This paper introduces BANANAS (Bayesian Optimization with Neural Architectures for Neural Architecture Search), a framework designed to automate the design of neural network architectures.
The researchers identified five core components of the “Bayesian Optimization (BO) + neural predictor” framework and conducted an extensive ablation study to determine the most effective configurations.

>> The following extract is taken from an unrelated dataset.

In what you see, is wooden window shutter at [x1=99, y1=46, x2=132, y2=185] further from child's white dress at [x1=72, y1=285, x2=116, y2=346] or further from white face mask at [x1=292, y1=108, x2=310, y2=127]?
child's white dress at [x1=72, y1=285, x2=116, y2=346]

You could find the ins and outs of the paper in the presentation slides: BANANAS.pptx
Core Framework Components
The authors broke down the BO + neural predictor framework into five distinct modules, testing various methods for each to find the optimal combination:
| Component | Definition | Top-Performing Choice(s) |
|---|---|---|
| Architecture Encoding | How a graph-based architecture is represented as a vector for the model. | Path Encoding (Novel contribution). |
| Neural Predictor | The model that predicts the accuracy of unseen architectures. | Feedforward (MLP) or GCN. |
| Uncertainty Calibration | How the model estimates its own “confidence” in a prediction. | Ensemble of neural predictors (size 5). |
| Acquisition Function | The strategy used to balance exploring new designs vs. exploiting known good ones. | Independent Thompson Sampling (ITS). |
| Acquisition Function Optimization | The method used to find the next best architecture to test. | Mutation (randomly changing one edge/node). |
The BANANAS Algorithm
By combining the best components from their analysis, the authors created the BANANAS algorithm. It operates three steps:
- Initial Sampling: Start by training a small set of random architectures.

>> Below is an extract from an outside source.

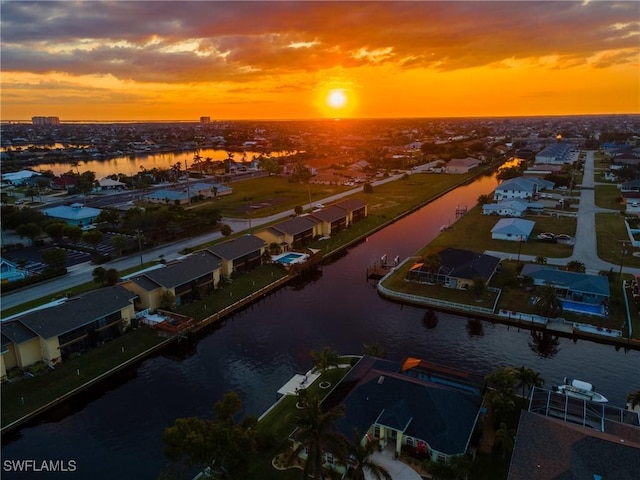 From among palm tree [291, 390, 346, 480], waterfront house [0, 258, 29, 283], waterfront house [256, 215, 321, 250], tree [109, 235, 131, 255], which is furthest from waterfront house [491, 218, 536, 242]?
waterfront house [0, 258, 29, 283]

- Iterative Search includes:
- Train an ensemble of MLPs using path encoding on all evaluated architectures.
- Generate candidate architectures by mutating the best-performing ones found so far.
- Use Independent Thompson Sampling to select the most promising candidates.

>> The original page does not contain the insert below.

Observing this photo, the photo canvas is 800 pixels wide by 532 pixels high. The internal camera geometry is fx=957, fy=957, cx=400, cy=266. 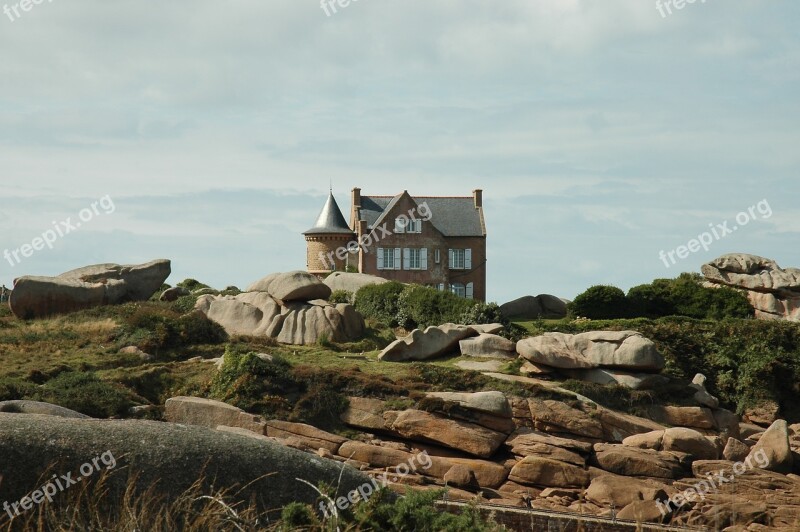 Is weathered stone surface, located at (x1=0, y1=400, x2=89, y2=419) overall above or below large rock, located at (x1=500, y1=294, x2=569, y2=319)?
below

- Parallelization: The algorithm can output $k$ architectures at once to be trained in parallel, reducing total search time.
Experimental
BANANAS demonstrated state-of-the-art (SOTA) performance across several major NAS benchmarks, NASBench-101, NASBench-102 and DARTS.
NASBench-101: Achieved SOTA performance, outperforming methods like Regularized Evolution and various GP-based BO approaches.

DARTS Search Space: Achieved a mean test error of 2.64% on CIFAR-10, making it competitive with gradient-based methods like DARTS (2.68%) but within a more flexible BO framework.